The Forum for Partners in Iran's Marketplace

September 2004 / No. 31

Cover Story

How Can Iran Go Global?

There is strong objective evidence denoting the relationship between economic liberalization and economic growth and they argue that economic liberalization is a key factor for realization of economic growth.

Globalization is a phenomenon whose economic consequences include increased volume of commercial transactions, speed of dealings, exchange of capital and information as well as increased transport of people across geographical borders. International economic developments in late 1990s and early 2000s were greatly affected by a new atmosphere governing the modern economic order and globalization.

The Iranian economy has been increasingly affected by the global economic trend during recent years. Also the Iranian economy has been in touch with the global economy due to its dependence on oil, whose price is determined by factors which are not controlled by the Iranian economy. Developments of global economy have affected Iranian economy as a result of changes in global oil market, developments in foreign financial markets and competition in the field of goods and services.

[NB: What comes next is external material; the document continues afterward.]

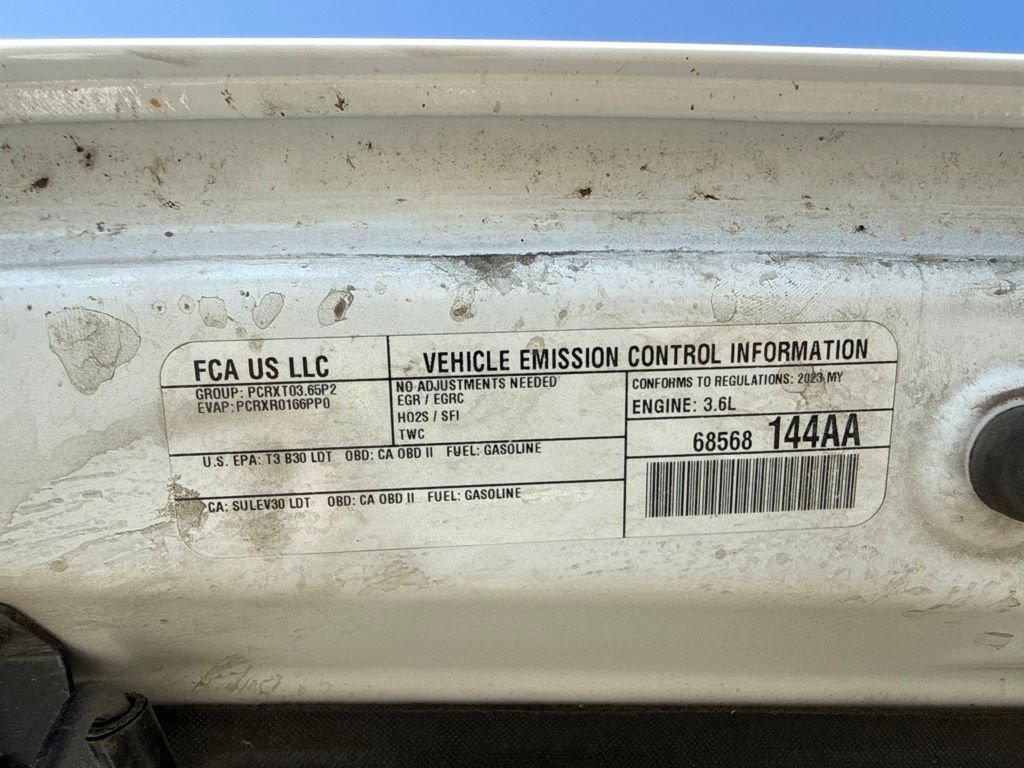 Used 2023 Jeep Gladiator Sport AWD/4WD image 24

Integration into a global economy will need establishment of a freer atmosphere for trade and investment and requires a secure environment for domestic and foreign economic agents and more importantly, adopting an active foreign policy toward other countries. Availing of advantages and reducing cost of interaction of every economic system with a global economy depends on expanding coordination between economic reforms in those countries and the new capitalistic economic system. Therefore, the approach of those countries to the globalization of economy will be different.

Some countries use their high negotiating power to dictate their own scenarios. For example, China first entered the scene with the goal of attuning itself with the outside world and then became so powerful that made other countries attune to it and today we are witnessing its increasing share of the economy.

Another major challenge of the globalization of the Iranian economy is a lame private sector. In fact, to join the WTO we would need an efficient private sector in addition to the state-run sector.

There is strong objective evidence denoting the relationship between economic liberalization and economic growth and they argue that economic liberalization is a key factor for realization of economic growth. During the 1980s, a third of the countries whose trade outgrew their revenues were lumped in globalized group. Average tariff rate has reduced 34% in those countries and, as a result, ratio of trade volume to revenues has increased 104%. In those countries, per capita revenue increased 3.5% during 1980s and 50% in the 1990s. On the opposite, developing countries, which are known as non-globalized counties, tariff rates fell 11% and they did not experience any growth in per capita domestic gross product during 1980s. This difference in policies indicates importance of convergence of economic policies in a liberalized global atmosphere. Experimental observations show that promoting economic liberalization and its management through powerful economic policies will lead to the growth of domestic economy.

In view of the above facts, membership of about 148 countries in the World Trade Organization and efforts made by many other countries to join the world body, means that Iran will have to become a member too because if we intend to get along with globalization or at least be able to compete with other countries, we would have to make changes. Otherwise, other countries will be telling us what to do and what not to do. It is clear that under a new globalized atmosphere, adopting an internalized policy on the pretext of heading off regional and international crises will not be a successful policy for meeting increasing economic and political needs of the modern age. We must not imagine that in our absence, other countries will not be able to progress. Now that the rules of the game are being formulated, we would stand a better chance of defending our national interests if we were a member of the global community.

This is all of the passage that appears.